Multi-UAV Cooperative Path Planning

Updated 6 December 2025

Multi-UAV Cooperative Path Planning (MUCPP) is a systematic method that formulates multi-agent optimization problems to generate coordinated, collision-free trajectories for UAV teams.
It leverages decomposition techniques like 3D slicing, grid partitioning, and metaheuristics to handle constraints such as collision avoidance, energy limits, and real-time adaptation.
Empirical validations demonstrate that these advanced strategies reduce mission duration and energy consumption, making them effective for tasks like infrastructure inspection and disaster response.

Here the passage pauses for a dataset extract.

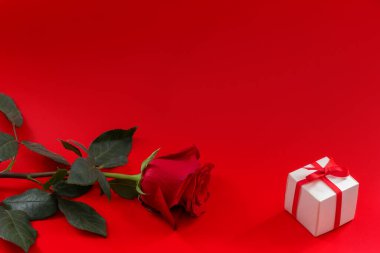 A gift box with a red ribbon and a rose flower on a red background. The concept of greetings for Valentine's Day, anniversary, Mother's Day and birthday, copy space, top view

Multi-UAV Cooperative Path Planning (MUCPP) is the systematic generation of coordinated, often collision-free trajectories for a team of unmanned aerial vehicles (UAVs) to jointly accomplish spatial tasks such as area coverage, infrastructure inspection, data collection, or dynamic servicing of ground demands. Modern MUCPP research spans combinatorial optimization, distributed algorithms, trajectory planning under vehicle and mission constraints, and often leverages advances in artificial intelligence, game theory, and robotic systems. Rigorous experimentation and theoretical guarantees are provided for both static and dynamic, structured and unstructured environments.

1. Mathematical Formulations and Problem Classes

MUCPP problems are typically formalized as coupled multi-agent combinatorial-optimization tasks augmented with motion and task constraints. Representative formalizations include:

Set Covering Vehicle Routing Problems (SC-VRP): Given a sampled set of coverage primitives or waypoints $P = \{p_1,\ldots,p_n\}$ on a 3D structure, and a fleet of UAVs $V = \{v_1,\ldots,v_m\}$ , the objective is to minimize the maximum or total path cost subject to full area coverage, per-UAV constraints, and collision avoidance. Let $x_{ij}^k$ be binary variables representing assignment of (directed) path segment from $i$ to $j$ to UAV $k$ (Jing et al., 2020).

$\min_{\{x\}}\;\max_{k=1\dots m}\sum_{i=1}^{n}\sum_{j=1}^{n} d_{ij} x_{ij}^k$

Subject to: coverage, flow-continuity, and binary constraints.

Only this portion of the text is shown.